Debians deb packages are simple things, all files the package is going to install is stored in an archive.
This archive contains the full tree of files, and also their permissions and ownership data. During install, the archive is extracted into the root filesystem as is.
An Example
The package fping contains an archive with the follwing files:
/usr/bin/fping
/usr/bin/fping6
/usr/share/doc/fping/README
/usr/share/doc/fping/changelog.Debian.gz
/usr/share/doc/fping/changelog.gz
/usr/share/doc/fping/copyright
/usr/share/lintian/overrides/fping
/usr/share/man/man8/fping.8.gz
/usr/share/man/man8/fping6.8.gz
Permissions and owner data (with owner almost always beeing root) is only taken from the archive.
With that in mind, it is impossible to extract the archive with correct ownership preserved without having superuser privileges.
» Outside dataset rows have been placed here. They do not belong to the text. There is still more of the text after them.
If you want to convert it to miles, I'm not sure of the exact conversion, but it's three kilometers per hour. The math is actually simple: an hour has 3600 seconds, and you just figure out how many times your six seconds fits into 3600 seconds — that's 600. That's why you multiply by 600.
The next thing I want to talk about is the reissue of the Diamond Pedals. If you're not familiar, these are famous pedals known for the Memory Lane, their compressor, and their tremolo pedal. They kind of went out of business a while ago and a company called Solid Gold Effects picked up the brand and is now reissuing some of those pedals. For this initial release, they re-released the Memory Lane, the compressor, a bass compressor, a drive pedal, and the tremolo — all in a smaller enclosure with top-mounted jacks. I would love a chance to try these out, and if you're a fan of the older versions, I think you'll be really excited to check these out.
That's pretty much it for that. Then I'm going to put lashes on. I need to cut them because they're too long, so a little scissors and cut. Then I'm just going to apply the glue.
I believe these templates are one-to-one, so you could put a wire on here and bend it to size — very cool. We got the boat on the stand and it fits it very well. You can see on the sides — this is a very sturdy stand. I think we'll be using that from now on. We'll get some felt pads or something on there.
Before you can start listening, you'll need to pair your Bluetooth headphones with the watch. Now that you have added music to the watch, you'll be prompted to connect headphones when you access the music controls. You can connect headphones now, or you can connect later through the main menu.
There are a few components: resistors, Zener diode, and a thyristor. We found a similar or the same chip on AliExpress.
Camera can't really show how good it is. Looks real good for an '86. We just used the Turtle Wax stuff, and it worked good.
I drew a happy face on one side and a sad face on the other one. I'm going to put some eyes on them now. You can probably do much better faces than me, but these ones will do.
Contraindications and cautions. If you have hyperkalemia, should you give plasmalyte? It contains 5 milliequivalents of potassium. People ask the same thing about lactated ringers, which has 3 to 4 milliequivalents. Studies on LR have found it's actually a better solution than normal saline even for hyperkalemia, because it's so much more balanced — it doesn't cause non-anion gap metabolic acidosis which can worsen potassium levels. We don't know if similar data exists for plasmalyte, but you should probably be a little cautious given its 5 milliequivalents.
Without any knowlegde of the inner workings of rpm and alien, i'd guess alien is extracting the source archive during convert.
Answering your questions:
How are the file ownerships different when run as root vs. a normal user?
Normal users can only create files they self own, and cannot change ownership of files.
Why does file ownership in a package matter?
Maybe it does, maybe it doesn't. Remember: Without beiing root, the files will be owned by the uid who converted the package. While not beeing good practice having unprivileged user install binaries in /usr/bin , it might work. But it will break when the stuff installed has to be owner by root.
Back to the example, fping needs to be setuid root to work -> package broken due wrong ownership.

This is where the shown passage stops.